Indeed, consumers are increasingly turning to their cell phones for wireless Internet access as well as for text messages and e-mails.
A whopping 95% of 18- to 29-year-olds who own cell phones send or receive text messages while 52% send e-mails, and 20% said they have purchased items through their phones, according to a recent study by the Princeton Survey Research Associates for the Pew Research Center’s Internet and American Life project.
But it’s not just the kids. Pew found that adults aged 30-49 are among the fastest-growing group using mobile-data applications.
Six of every 10 adults said they use their phones to access the Internet, a 12 percentage point increase from a 2009 survey. About 11% said they had used their phone to make a purchase. Some 10% use their phones to access their Twitter or Facebook accounts.
In a recent Deloitte survey, one in three respondents said they would use their phones or social media to help them make decisions about back-to-school purchases. A year ago, only 6% said they would use their phones.
Nearly 65% this year said they research promotions on their phones while another 42% said they would browse for products.
“Mobile devices have become a key part of the planning process of the shopping trip,” said Alison Paul, Deloitte’s retail sector leader.
Mobile coupons and text messages about good deals will be ubiquitous to teens if they opt in. J.C. Penney is putting interactive ads on an iPhone application in which consumers can look at new outfit combinations. Target is sending out scannable coupons that shoppers show at the cash register. Penney’s, Kohl’s and Best Buy will send text messages to promote sales while Kmart customers will find out about daily deals through text alerts.

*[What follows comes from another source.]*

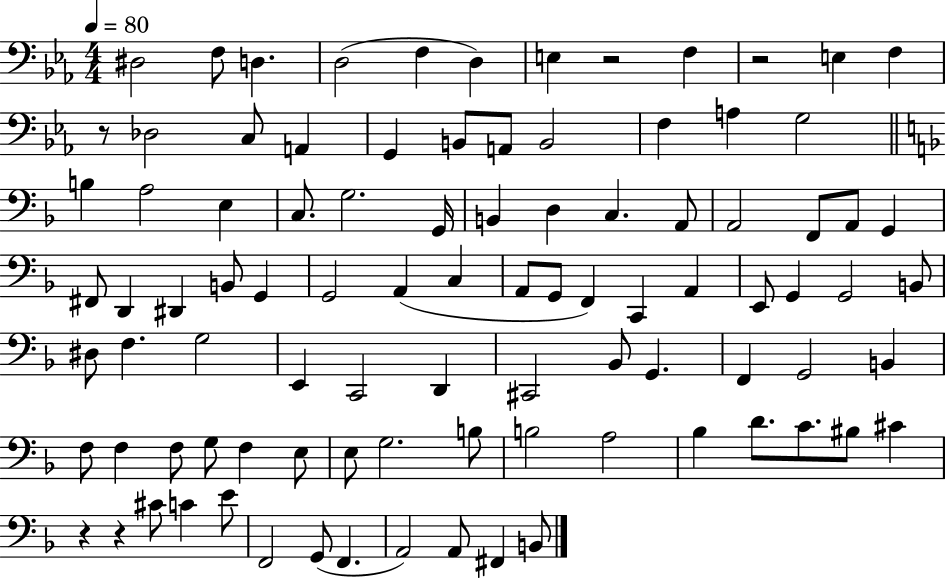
D#3/h F3/e D3/q. D3/h F3/q D3/q E3/q R/h F3/q R/h E3/q F3/q R/e Db3/h C3/e A2/q G2/q B2/e A2/e B2/h F3/q A3/q G3/h B3/q A3/h E3/q C3/e. G3/h. G2/s B2/q D3/q C3/q. A2/e A2/h F2/e A2/e G2/q F#2/e D2/q D#2/q B2/e G2/q G2/h A2/q C3/q A2/e G2/e F2/q C2/q A2/q E2/e G2/q G2/h B2/e D#3/e F3/q. G3/h E2/q C2/h D2/q C#2/h Bb2/e G2/q. F2/q G2/h B2/q F3/e F3/q F3/e G3/e F3/q E3/e E3/e G3/h. B3/e B3/h A3/h Bb3/q D4/e. C4/e. BIS3/e C#4/q R/q R/q C#4/e C4/q E4/e F2/h G2/e F2/q. A2/h A2/e F#2/q B2/e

Stage Stores, which owns Bealls, Palais Royal, Peebles and Stage, is sending out discounts every two weeks through Sept. 1.
“These are door-buster kinds of deals on everything from apparel to notebooks and backpacks,” Aiello said of Kmart’s messages.
Not only do shoppers look to mobile phones for coupons and price comparisons, they’re beginning to use them to make purchases—what’s called m-commerce—with applications available on most iPhone platforms and increasingly on BlackBerry and Android platforms.
Sears and Kmart have the Sears2go and Kmart2go applications in which customers upload and tweet their back-to-school purchases. They also can access inventory on any item through GPS and zip code locaters at their local stores.
“Consumers are more open to different avenues of communication today,” Deloitte’s Paul said. “The mobile phone is a convenient tool for them.”